# [Directions for this task]
With the string "منفذ" as the filter, copy each matching line from the records.

Image-caption web data
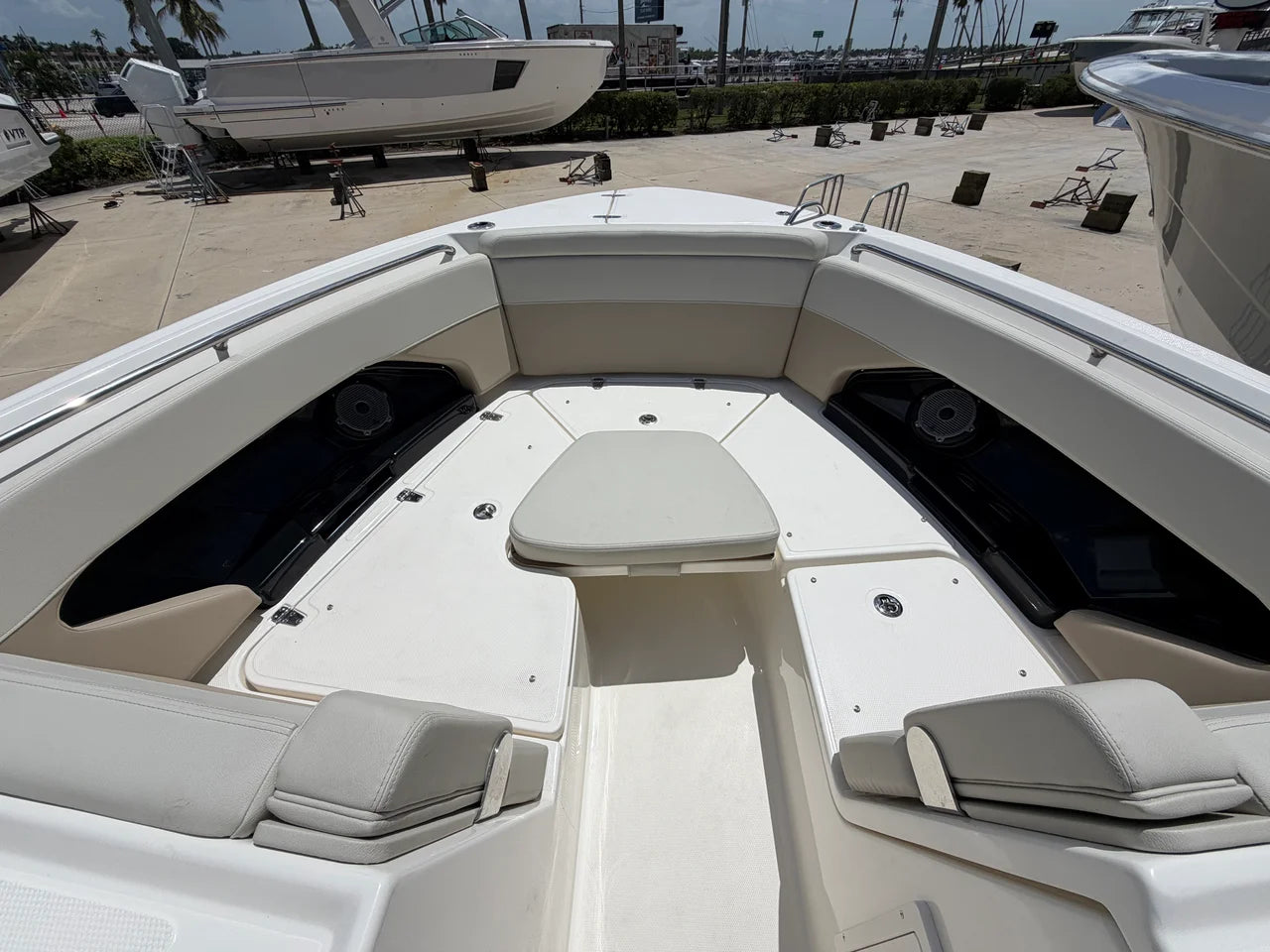 2027 Boston Whaler 280 Vantage 28.0 feet, Stuart, Florida #41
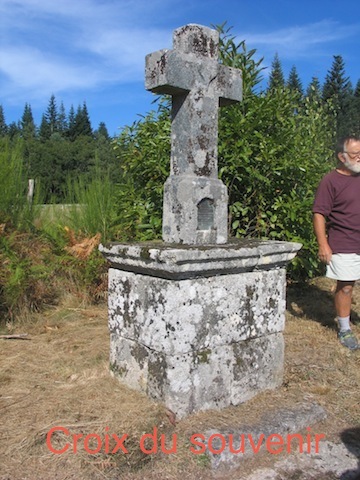Croix du souvenir Auriac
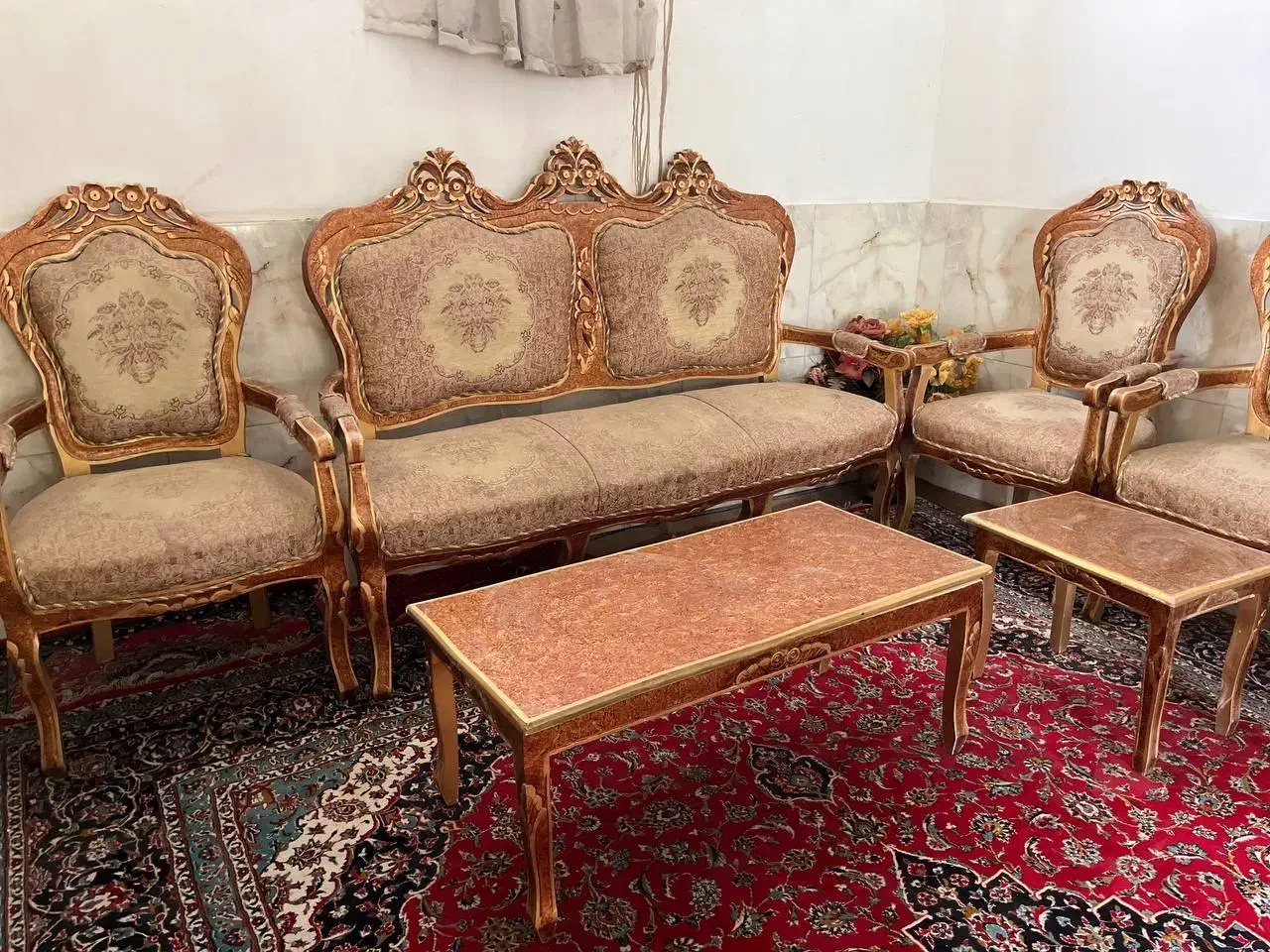 مبل سلطنتی هفت نفره|مبلمان خانگی و میز عسلی|نیشابور, فردوس شمالی|دیوار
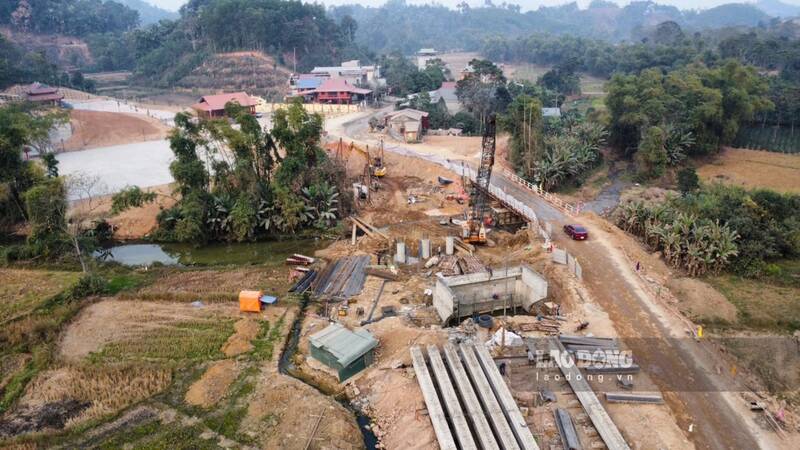 A series of rigid bridges on the route connecting to the Special National Monument. Photo: Lam Thanh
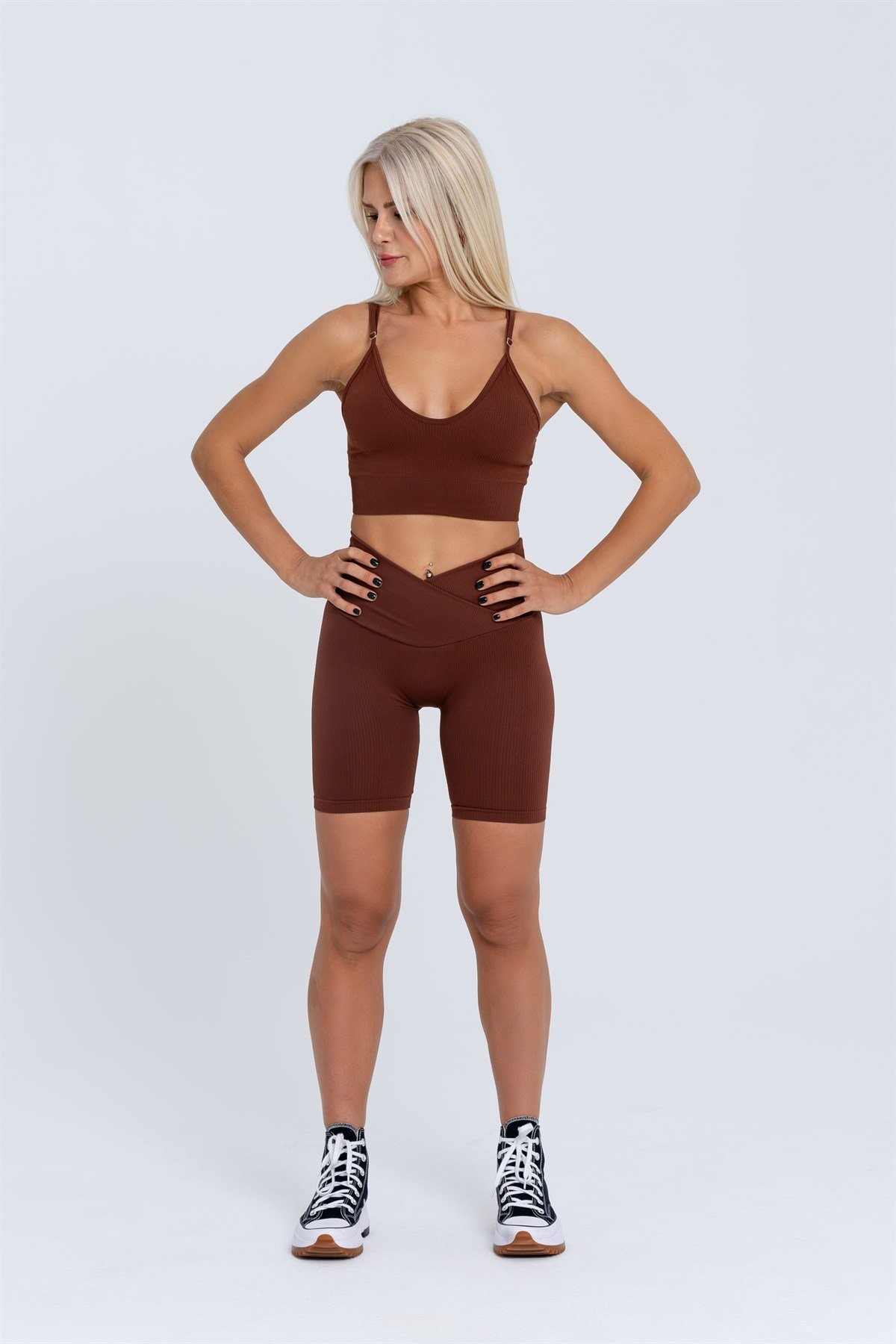 Gymwolves Kadın Spor Şort | Kahverengi | Dikişsiz Spor Şort | Fitilli | Anvelop Model |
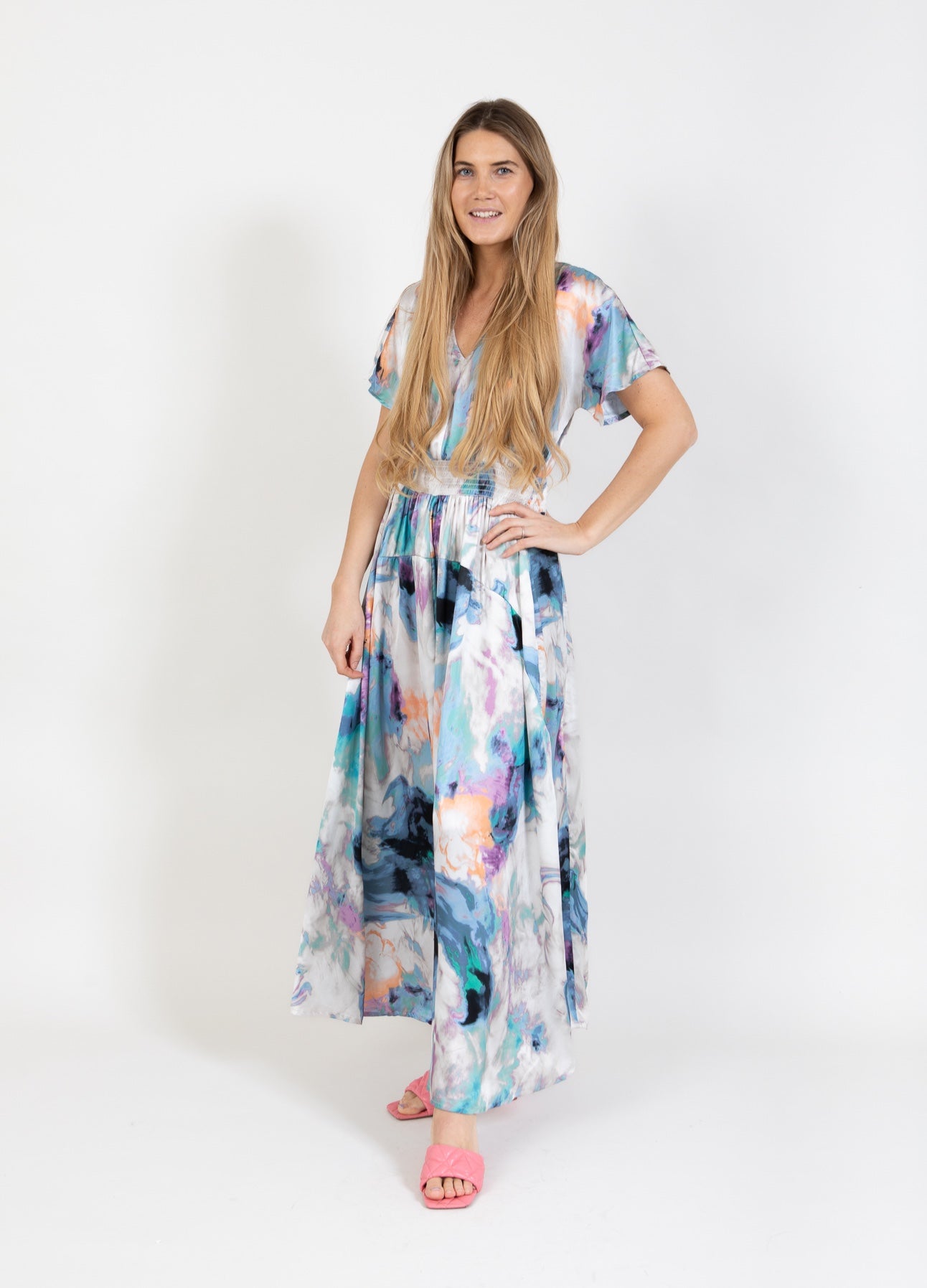 Coster Copenhagen KJOLE MED RYNKET TALJE I SWIRL PRINT Kjole Swirl print - 932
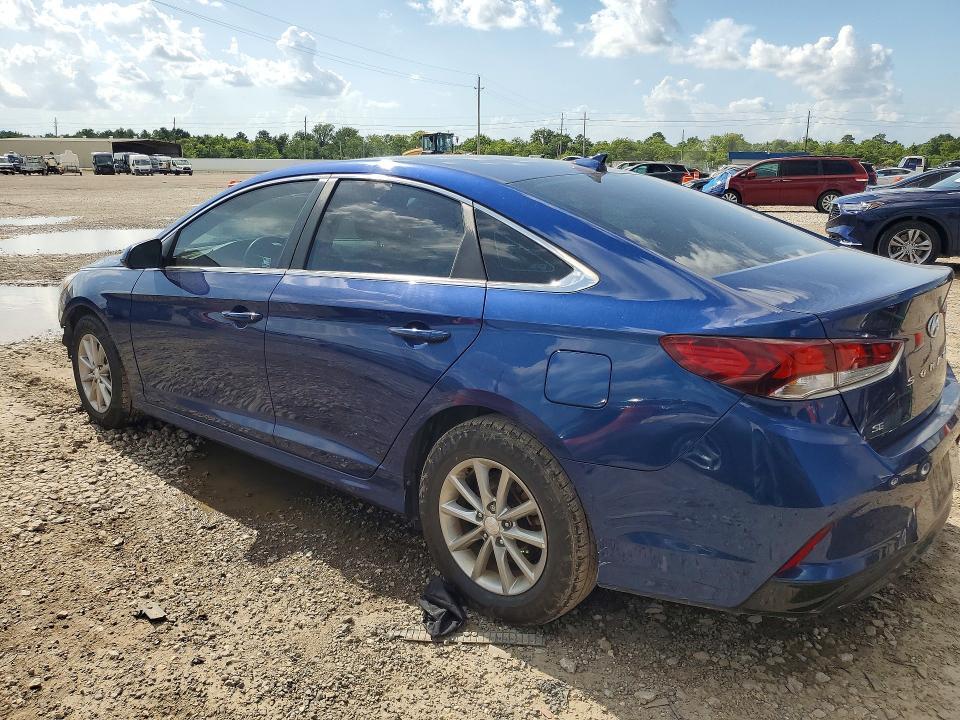 5NPE24AF4JH632207 2018 HYUNDAI SONATA photo no. 2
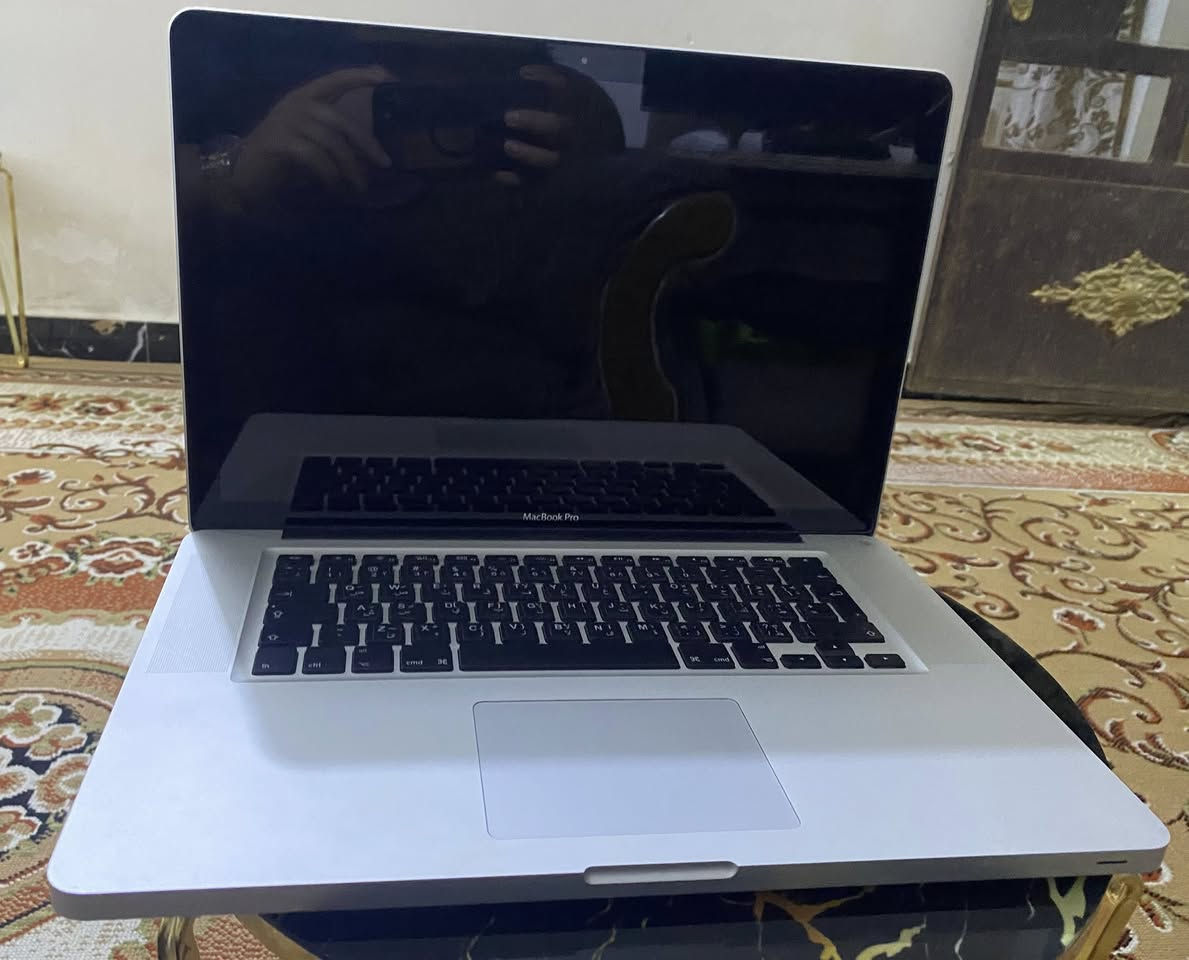 السلام عليكم 
لابتوب للبيع ابل(Mac book Pro)
تحتوي على نظامين 
1-نظام ابل .
2-نظام ويندوز 10 برو .

المواصفات :
موديل : 2010 الشكل الحديث .
intel Core i7  2,3GHz .
RAM 16 GB .
Ssd 512 GB .
كيبورد عربي إنكليزي .
مدة بقاء الشحنة يدوم 4 ساعات متواصلة .
حجم الشاشة 15,4 بوصة .

المنافذ :
منفذ USB ( 2 ) .
منفذ رام .
منفذ WiFi .
منفذ شحن مغناطيس .
منفذ سماعة .
منفذ اسبيكر .
منفذ أقراص DVD .

الملحقات :
شاحن اصلي من شركة ابل .

المكان : 
بغداد الجديدة النعيرية 

السعر :
375 الف وبية مجال .

الرقم :
***********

# [Worked solution]
منفذ USB ( 2 ) .
منفذ رام .
منفذ WiFi .
منفذ شحن مغناطيس .
منفذ سماعة .
منفذ اسبيكر .
منفذ أقراص DVD .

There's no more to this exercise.